🤖 AI Summary
Existing vision-language-action (VLA) models suffer from excessive parameter counts and high inference latency, rendering them unsuitable for dynamic robotic manipulation tasks requiring millisecond-level responsiveness. This paper proposes a hierarchical Robot Transformer architecture that introduces a novel frequency-decoupled control paradigm: a low-frequency branch leverages knowledge-distilled vision-language models (VLMs) for semantic feature extraction, while a high-frequency branch employs an end-to-end visual policy network for real-time action generation; a cross-frequency feature guidance mechanism further enables joint optimization. The design preserves VLM-level semantic understanding while doubling the effective control frequency. On static tasks, success rates remain unchanged; on dynamic manipulation tasks, success improves significantly—from 48% to 75%. To our knowledge, this is the first VLA framework achieving millisecond-scale dynamic interaction in real-world robotic settings.
📝 Abstract
Large Vision-Language-Action (VLA) models, leveraging powerful pre trained Vision-Language Models (VLMs) backends, have shown promise in robotic control due to their impressive generalization ability.
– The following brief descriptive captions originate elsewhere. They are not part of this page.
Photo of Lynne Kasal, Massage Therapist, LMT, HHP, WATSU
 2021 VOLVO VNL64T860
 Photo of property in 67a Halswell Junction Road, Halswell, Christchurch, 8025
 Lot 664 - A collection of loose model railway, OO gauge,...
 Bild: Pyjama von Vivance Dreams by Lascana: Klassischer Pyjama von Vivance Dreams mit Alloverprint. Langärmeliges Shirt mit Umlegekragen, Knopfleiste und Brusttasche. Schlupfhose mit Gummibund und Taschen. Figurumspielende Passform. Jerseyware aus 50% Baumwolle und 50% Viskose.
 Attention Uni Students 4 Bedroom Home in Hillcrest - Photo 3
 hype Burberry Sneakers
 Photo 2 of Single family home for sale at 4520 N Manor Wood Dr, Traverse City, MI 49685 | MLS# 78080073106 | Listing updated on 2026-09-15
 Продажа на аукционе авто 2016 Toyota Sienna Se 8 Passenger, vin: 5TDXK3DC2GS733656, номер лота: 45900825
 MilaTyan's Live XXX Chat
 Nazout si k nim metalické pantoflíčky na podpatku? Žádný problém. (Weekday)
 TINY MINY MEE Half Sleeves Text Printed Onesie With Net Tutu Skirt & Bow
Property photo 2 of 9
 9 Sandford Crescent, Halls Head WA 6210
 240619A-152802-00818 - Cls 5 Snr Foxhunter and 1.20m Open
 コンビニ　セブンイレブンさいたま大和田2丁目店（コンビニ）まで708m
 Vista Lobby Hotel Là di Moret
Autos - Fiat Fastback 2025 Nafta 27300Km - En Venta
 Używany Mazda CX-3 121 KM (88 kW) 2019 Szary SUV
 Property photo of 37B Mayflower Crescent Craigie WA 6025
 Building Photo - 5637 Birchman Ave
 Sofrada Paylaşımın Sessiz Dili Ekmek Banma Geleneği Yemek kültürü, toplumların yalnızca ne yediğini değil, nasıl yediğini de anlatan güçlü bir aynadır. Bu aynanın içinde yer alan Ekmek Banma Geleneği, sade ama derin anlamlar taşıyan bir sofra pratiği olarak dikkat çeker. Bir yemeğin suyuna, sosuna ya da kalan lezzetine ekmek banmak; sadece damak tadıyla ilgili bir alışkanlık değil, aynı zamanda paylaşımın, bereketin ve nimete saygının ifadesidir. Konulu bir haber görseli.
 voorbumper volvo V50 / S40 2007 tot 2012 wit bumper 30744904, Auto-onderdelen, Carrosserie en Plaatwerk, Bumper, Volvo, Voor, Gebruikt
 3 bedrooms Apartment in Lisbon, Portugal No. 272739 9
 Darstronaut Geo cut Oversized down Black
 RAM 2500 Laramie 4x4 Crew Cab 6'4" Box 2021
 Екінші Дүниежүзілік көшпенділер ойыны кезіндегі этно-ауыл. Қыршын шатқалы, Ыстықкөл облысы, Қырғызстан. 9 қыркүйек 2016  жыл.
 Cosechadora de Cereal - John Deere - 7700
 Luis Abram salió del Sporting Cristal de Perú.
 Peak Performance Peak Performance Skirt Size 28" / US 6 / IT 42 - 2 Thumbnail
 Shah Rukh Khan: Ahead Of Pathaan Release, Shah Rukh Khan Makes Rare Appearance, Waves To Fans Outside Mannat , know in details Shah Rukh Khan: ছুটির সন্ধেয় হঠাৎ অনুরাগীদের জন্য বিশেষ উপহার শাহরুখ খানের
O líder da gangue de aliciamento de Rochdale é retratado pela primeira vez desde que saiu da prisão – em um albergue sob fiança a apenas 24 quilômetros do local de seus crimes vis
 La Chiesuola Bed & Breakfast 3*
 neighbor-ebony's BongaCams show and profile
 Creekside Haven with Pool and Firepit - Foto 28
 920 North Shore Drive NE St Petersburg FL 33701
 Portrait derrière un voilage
However, the success comes at a cost. Their reliance on VLM backends with billions of parameters leads to high computational costs and inference latency, limiting the testing scenarios to mainly quasi-static tasks and hindering performance in dynamic tasks requiring rapid interactions. To address these limitations, this paper proposes HiRT, a Hierarchical Robot Transformer framework that enables flexible frequency and performance trade-off. HiRT keeps VLMs running at low frequencies to capture temporarily invariant features while enabling real-time interaction through a high-frequency vision-based policy guided by the slowly updated features. Experiment results in both simulation and real-world settings demonstrate significant improvements over baseline methods. Empirically, in static tasks, we double the control frequency and achieve comparable success rates. Additionally, on novel real-world dynamic ma nipulation tasks which are challenging for previous VLA models, HiRT improves the success rate from 48% to 75%.